После угощения сильно давит к почве. Мы сели в засаду. В западню. Вмявшись в кресло, следить за полетом сподручнее. Неуверенные они — в августе… потому боятся любых перемен в розе ветров. Как будто эту розу крутят руки, те же, что закрутили до поломки машинку Макарова на тысячах баночных литров. Но это — что неуверенные в большинстве. Особенно после дождей. Пищат крылато и иногда сподабливаются на укус. В тот момент, когда что-то жуётся, либо пьётся, либо руки заняты. Надо уходить с открытых мест.
Unsplash
В соседней комнате бёем французов. Шар падает винтом с борта. Такие шары очень похожи на срыв крышечки, после скользящего щелбан(ь)чика. Эффектно и щегольски. До восьми натренировались доигрывать быстро. 12 футов стола кажутся футбольным размером в сравнении с американкой. Но мы русские. Поэтому пирамида — и только свободная.

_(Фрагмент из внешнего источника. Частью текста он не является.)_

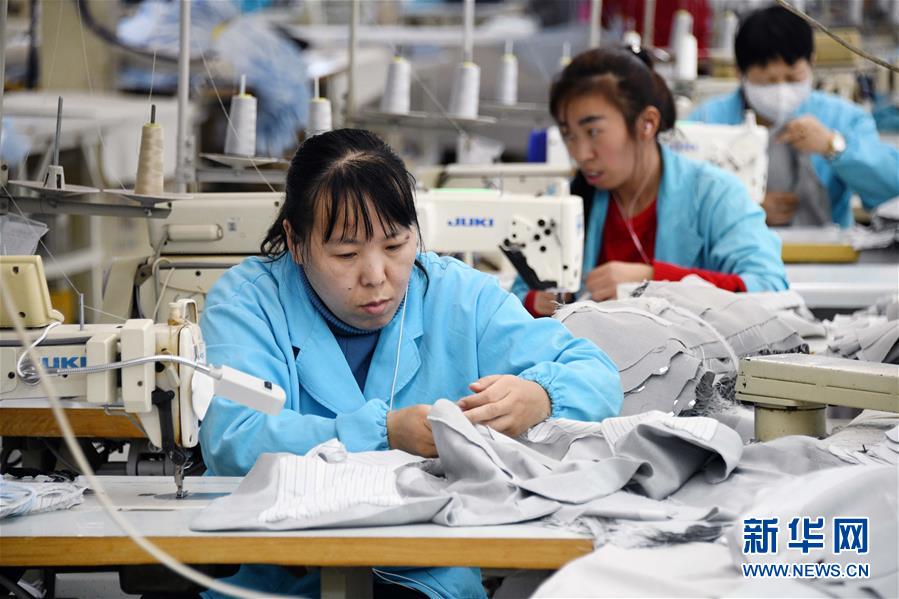 (新華全媒頭條·圖文互動)(8)從“來樣加工”到為全球“量體裁衣”——透過“迪尚之路”看新舊動能轉換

Бить из дома неприятно, стеснительно. Хочется отдаться геометрическим правилам. По-сёрферски обуздать неконтролируемое. Но за дураков извиняемся. Так уж заведено.

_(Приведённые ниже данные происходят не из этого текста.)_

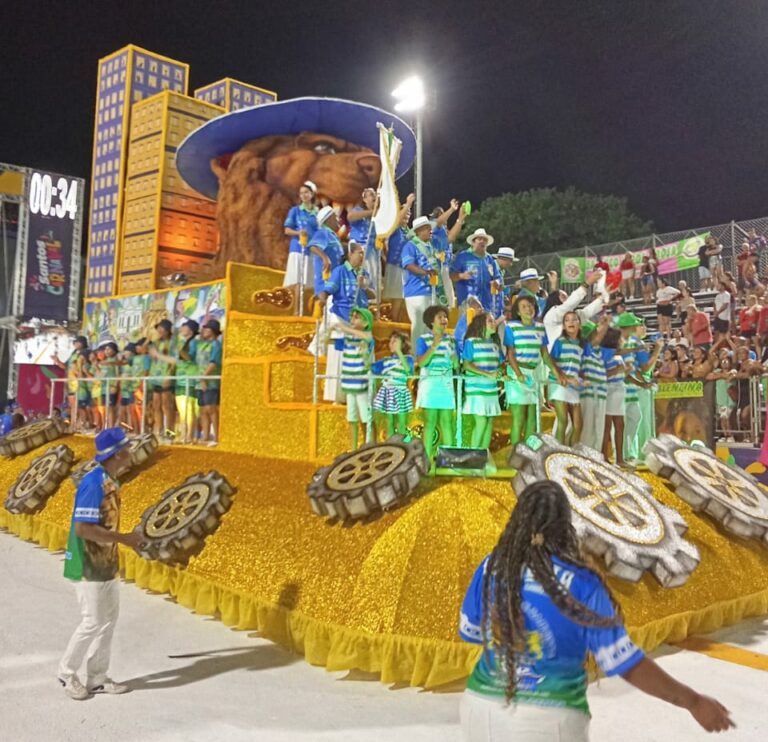 Real Mocidade é a segunda agremiação do Grupo Especial a desfilar no Desfile das Escolas de Samba de Santos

… И ещё была волна отдачи. Была стрельба. Красные точки из-за головы поймать взглядом решительно невозможно. Нужно ждать и терпеть. Терпеть отпечатки на плече. Но вина на патроннике. И на глупости. Именно по ней взят супермощный магнум. Потому что иначе плохо стволам. Хорошо стволам — плохо плечу и щеке.
А чистить ружьё после кучи дроби, утраченной в песках карьера, ещё хуже. Тарелки раскалывались на земле. В воздухе им ничего не угрожало. Потому разбивать 13 рублей дробью — кощунственно; а не потому что — мажем.
Угрожает своей красотой глазам, смотрящим отщелкнутое на кодак, золотое кольцо. Плёсы приятны, наверное, были. Но их затопило вместе с русалками. Дамбы, везде теперь дамбы. Даже в маленьких купеческих городах. Теперь дамбы. Но в купеческих городках ещё и соль ухи, вкусный квас и пирожки с творогом. Бабка в церкви печёт самые вкусные пироги с творогом.
Я даже подскажу гору, если интересует.
Теперь уже осень. Учусь свистеть на рябчика.
И может, наконец сниму фильм для фейкового кинофестиваля.